In the above embodiment, as for the material of the carrier 121 of the catalytic module 120, the carrier 121 may be made of an alloy formed by combining any one or more of diamond, silver, aluminum, copper, gold, iron, tin and lead, so that the carrier 121 has high heat resistance, stability and strength. For the catalyst material of the catalytic module 120, the catalyst material may optionally include a noble metal material and a rare earth material. The noble metal material can make the oxide in the TVOC generate reduction reaction, and the rare earth material makes the reducing substance in the TVOC generate oxidation reaction, thereby achieving the effect of efficiently removing the TVOC. Among them, the rare earth material may be, but is not limited to, zirconium solid solution material, cerium oxide, praseodymium oxide, lanthanum oxide, mixtures thereof, and the like. The noble metal material may be, but is not limited to, Pt, Rh, Pd, etc.

Based on any of the above embodiments, it is considered that when the content of the organic pollutants in the air is high, if the content of the organic pollutants exceeds the catalytic decomposition capability of the catalytic module 120, a part of the organic matters in the air may be directly blown out without being catalyzed and decomposed. In order to solve the problem, the air purification apparatus 100 further includes an adsorption module 140, the adsorption module 140 is configured on the purification air duct 113, the adsorption module 140 is located on the air inlet side of the catalytic module 120 and is close to the heating module 130, the adsorption module 140 is adapted to adsorb organic pollutants and then release the organic pollutants to the catalytic module 120 under the heating of the heating module 130.

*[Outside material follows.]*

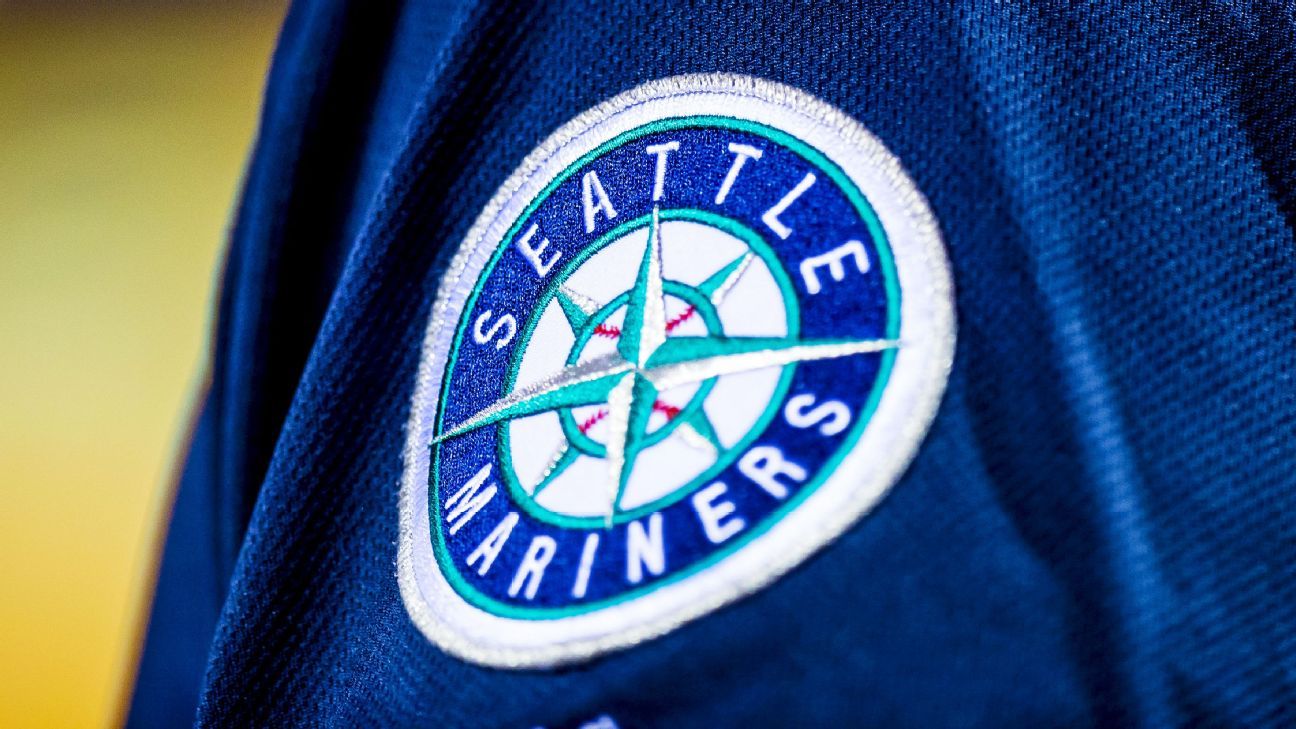 Mariners place Vargas on 15-day IL, add Wilcox to roster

Specifically, when the air flow in the clean air duct 113 passes through the adsorption module 140, the organic pollutants in the air are adsorbed and captured by the adsorption module 140; after the adsorption module 140 is saturated, the adsorption module 140 gradually releases the adsorbed and captured organic pollutants to the catalytic module 120 under the heating action of the heating module 130, so that the catalytic module 120 can perform catalytic decomposition, thereby preventing the organic pollutants in the air from passing through the catalytic module 120 in a concentrated and one-time manner, and greatly improving the purification effect. In addition, in the above process, the saturated adsorption module 140 is restored to the unsaturated state after releasing the organic pollutants, so that the adsorption module 140 in the unsaturated state can continue to adsorb the organic pollutants in the air, thereby realizing multiple recycling and effectively prolonging the service life of the adsorption module 140.

For the actual position of the adsorption module 140 on the air inlet side of the catalytic module 120, the adsorption module 140 may be located between the heating module 130 and the catalytic module 120, or the adsorption module 140 is located on the side of the heating module 130 away from the catalytic module 120, and the adsorption module 140 is adapted to adsorb organic pollutants in the air. Specifically, in the present embodiment, the adsorption module 140 is disposed between the heating module 130 and the catalytic module 120, so that the adsorption module 140 is close to the heating module 130 and the catalytic module 120 at the same time, which is convenient for the heating module 130 to heat the adsorption module 140, and is also convenient for the adsorption module 140 to release the adsorbed organic pollutants to the catalytic module 120.

As for the structure of the adsorption module 140, there may be various structural design ways. For example, the adsorption module 140 optionally includes an adsorption body having voids, the adsorption body containing any one or combination of more of activated carbon, silica, ceramic, and alumina.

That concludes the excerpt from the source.